Il venait de tout perdre. Le scriptorium, les livres, ses adelphes, il venait de perdre toute sa vie. Il ne lui restait que son pendentif de scripteur qu'il serra dans sa main gauche tout en continuant de courir : il y était presque, il avait presque rejoint les premiers arbres. Son souffle fut coupé lorsqu'il ressentit une vive douleur au milieu de son mollet droit. La pointe d'une flèche venait de transpercer sa peau et s'y était logée. Il ne regarda pas derrière lui et continua de courir, encore, malgré sa jambe qui le ralentissait. Il boitait atrocement mais épuisa ses dernières forces et en puisa de nouvelles dans sa terreur qui ne cessait de grandir. Il avait rejoint la forêt mais il continua de courir, ses sandales s'accrochaient dans des racines, ses jambes et ses pieds furent blessés par des branches et des ronces mais ça ne l'arrêta pas. La flèche se brisa en lui arrachant un cri de douleur. Il s'enfonça dans les bois, encore et encore, sans savoir dans quelle direction il allait, sans savoir s'il survivrait aux prochaines heures. Il devait continuer de courir, encore et encore, s'éloigner encore plus, être le plus loin possible du scriptorium, son abri, son foyer, ce à quoi il avait dédié toute sa vie.

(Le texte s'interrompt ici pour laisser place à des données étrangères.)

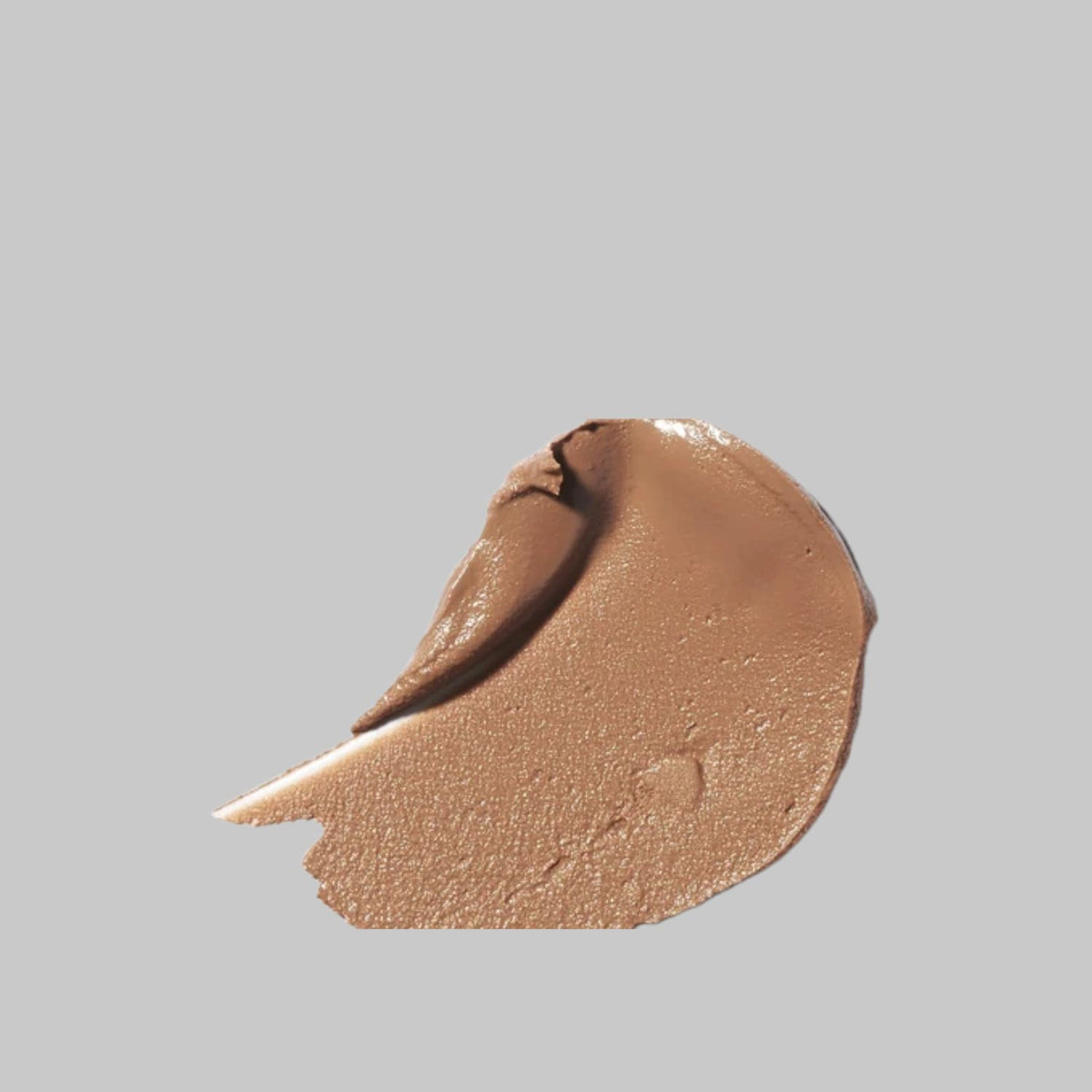 Golden-tan swatch of Ere Perez Cacao Bronzing Pot showing its creamy texture and subtle sheen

Cette réalisation le frappa et fut encore plus douloureuse que toutes ses blessures réunies. Il n'avait plus de raison de vivre. Les mages avaient certainement pu ouvrir la Grande Bibliothèque Sacrée avec la marque de gardien sur la main d'Aslan, dont le corps était encore intact lorsque Beollán était parti. Son serment de scripteur avait été violé, il avait fui alors qu'il aurait dû mourir en protégeant les plus grands secrets d'Yrmid. Il était encore vivant alors que tous ses adelphes étaient morts, parce qu'il avait décidé, par égoïsme, de travailler seul, hors de l'aula.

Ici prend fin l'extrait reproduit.